====== Exercise data ======

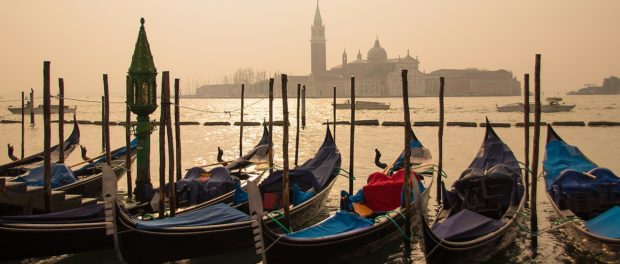venetia gondole pixabay com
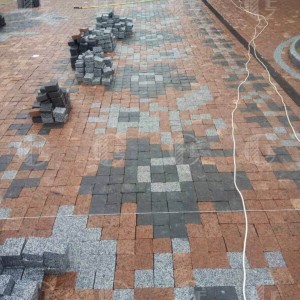 Sawn-split paving stone patterns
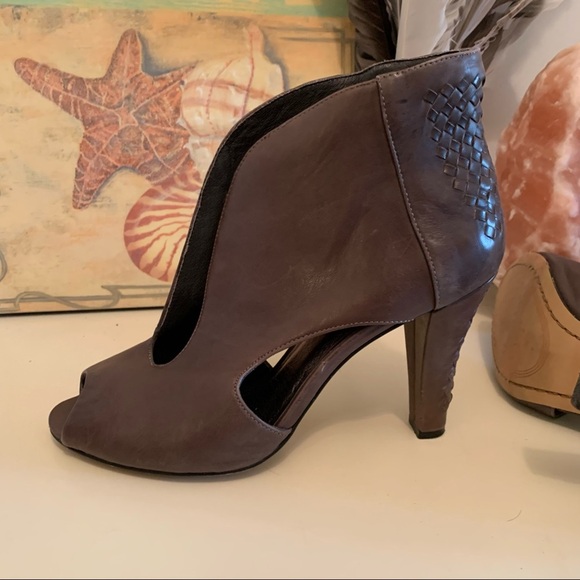 Elliott Lucas brown leather Allesandra woven open toe shoes - Picture 3 of 7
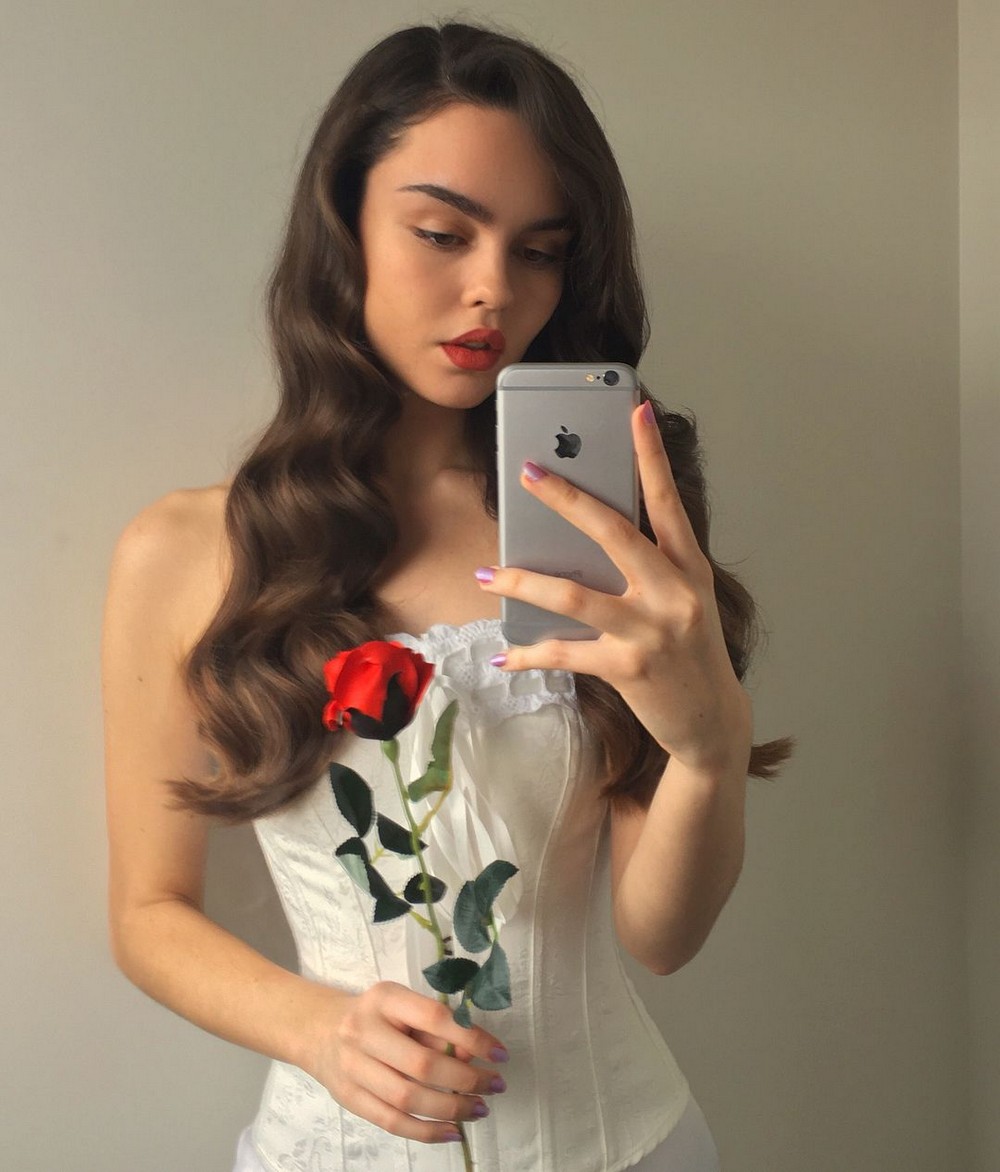 Girls In Corsets (20 pics)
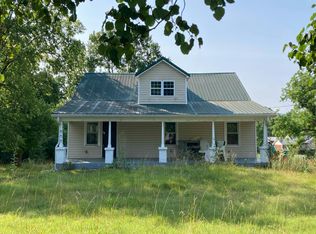 906 Calderwood Hwy, Maryville, TN 37801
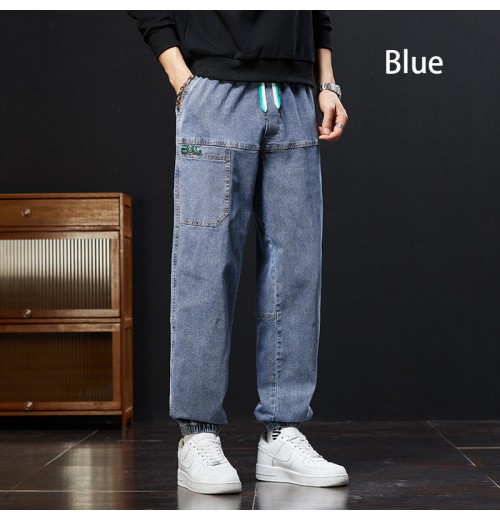 Locker sitzende Hose mit Kordelzug für Herren Locker sitzende Hose mit Kordelzug für Herren
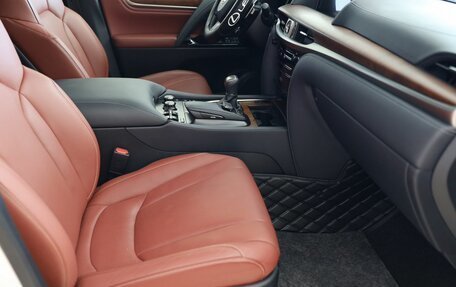 Lexus LX III, 2019 год, 12 000 000 рублей, 15 фотография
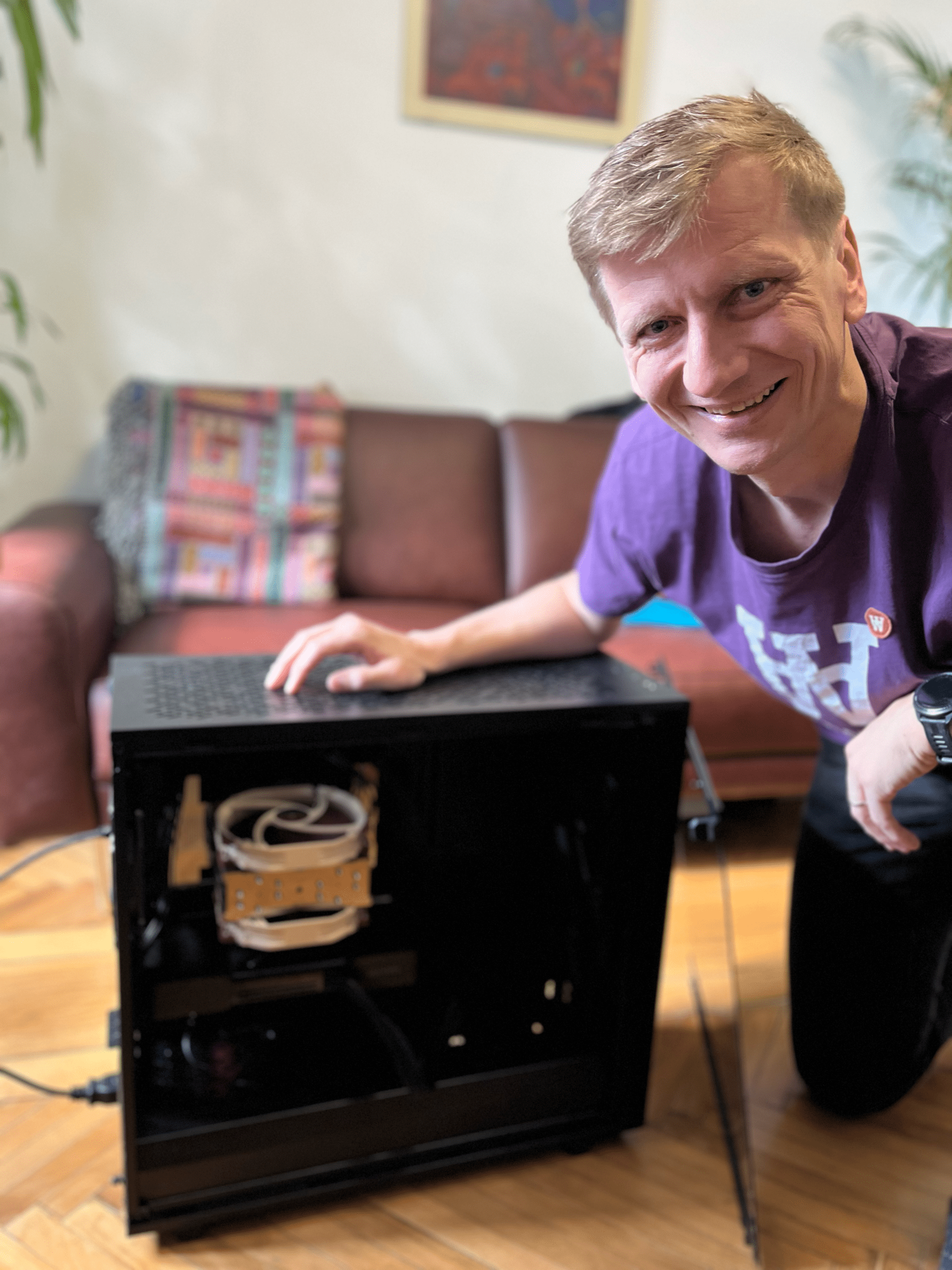 Das Foto zeigt unseren Geschäftsführer Stefan Kraxberger mit Balrog - interne KI.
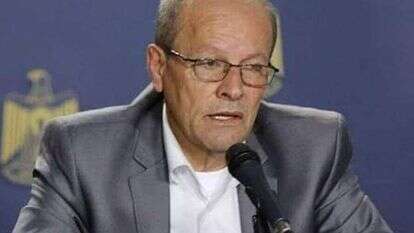 קאדרי אבו בכר. | מסך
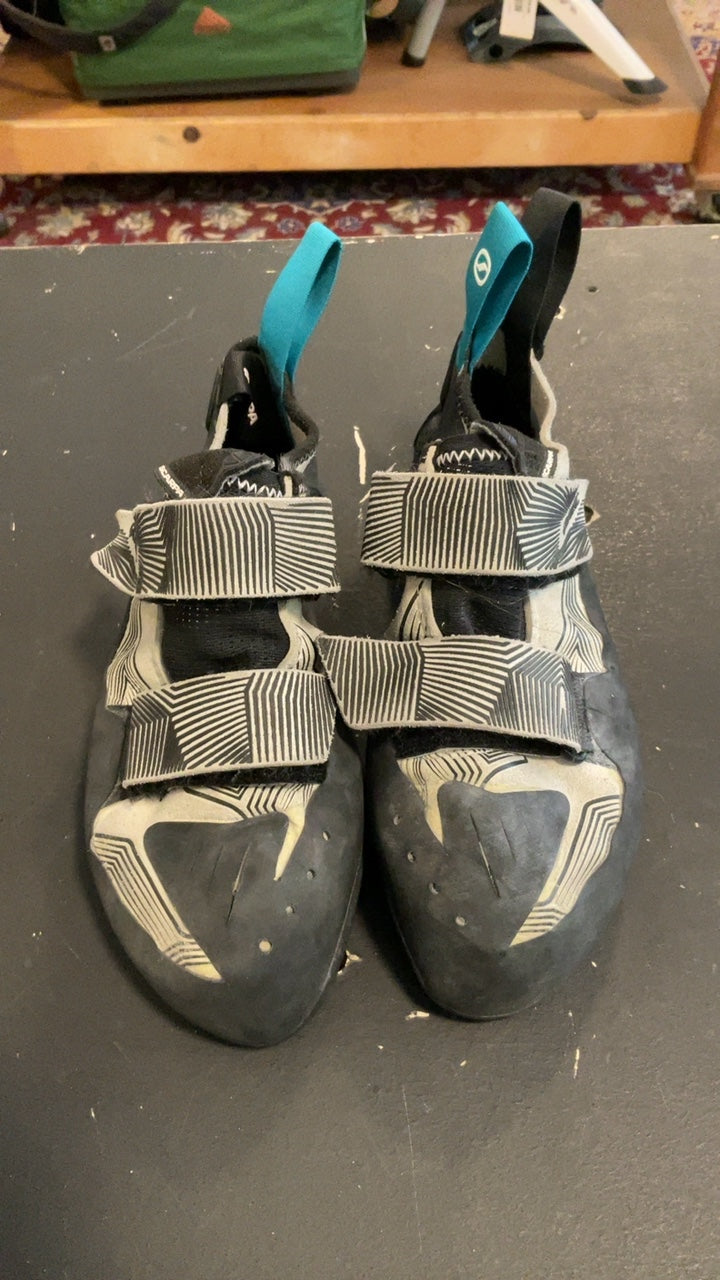 Scarpa W's Quantic Shoes (Climbing) W's 37/6 White/Black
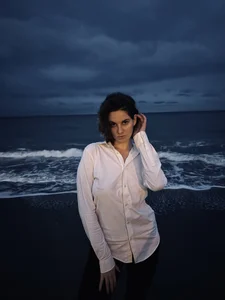 SabrinaRayX holiday by the sea, no naked) Pic 3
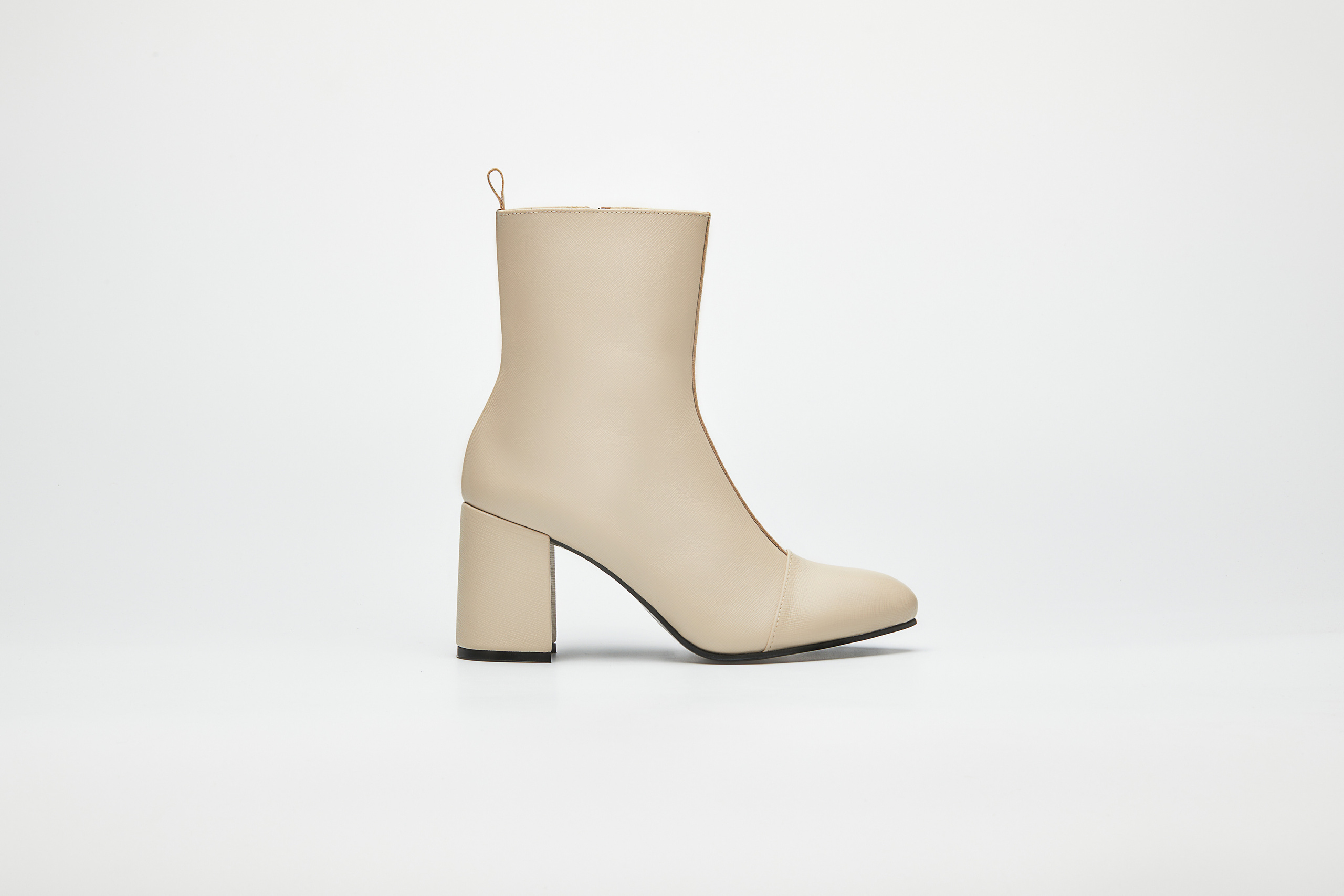 Организация и проведение фотосъёмок во Влaдивостоке. Newschool — Курсы фотографии во Владивостоке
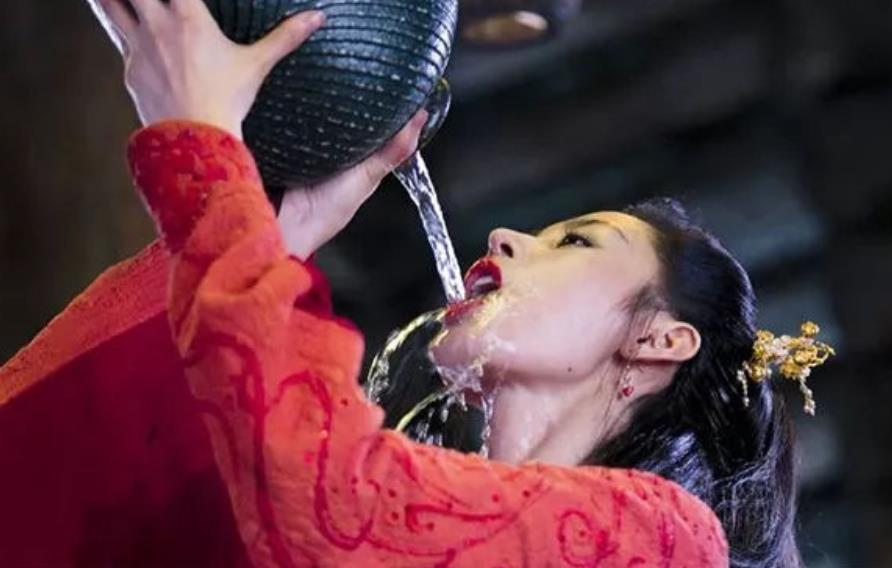高度酒一定比低度酒更适合长时间存放吗？
前两天去参加一个酒局，有几位酒友对白酒颇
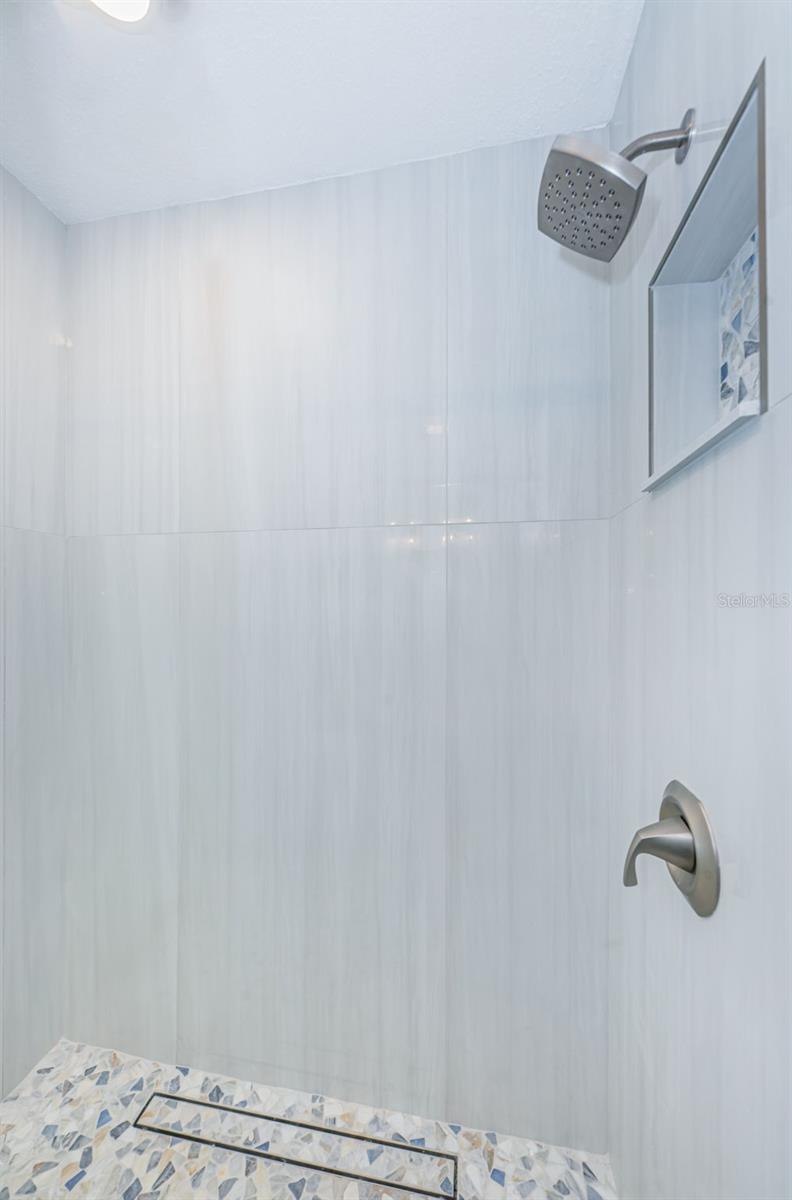 VENETIAN ISLES - Residential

======

◆ Work task
What is needed here is each line above set down word for word, minus the images.

◆ Task response
venetia gondole pixabay com
 Sawn-split paving stone patterns
 Elliott Lucas brown leather Allesandra woven open toe shoes - Picture 3 of 7
 Girls In Corsets (20 pics)
 906 Calderwood Hwy, Maryville, TN 37801
 Locker sitzende Hose mit Kordelzug für Herren Locker sitzende Hose mit Kordelzug für Herren
 Lexus LX III, 2019 год, 12 000 000 рублей, 15 фотография
 Das Foto zeigt unseren Geschäftsführer Stefan Kraxberger mit Balrog - interne KI.
 קאדרי אבו בכר. | מסך
 Scarpa W's Quantic Shoes (Climbing) W's 37/6 White/Black
 SabrinaRayX holiday by the sea, no naked) Pic 3
 Организация и проведение фотосъёмок во Влaдивостоке. Newschool — Курсы фотографии во Владивостоке
高度酒一定比低度酒更适合长时间存放吗？
前两天去参加一个酒局，有几位酒友对白酒颇
 VENETIAN ISLES - Residential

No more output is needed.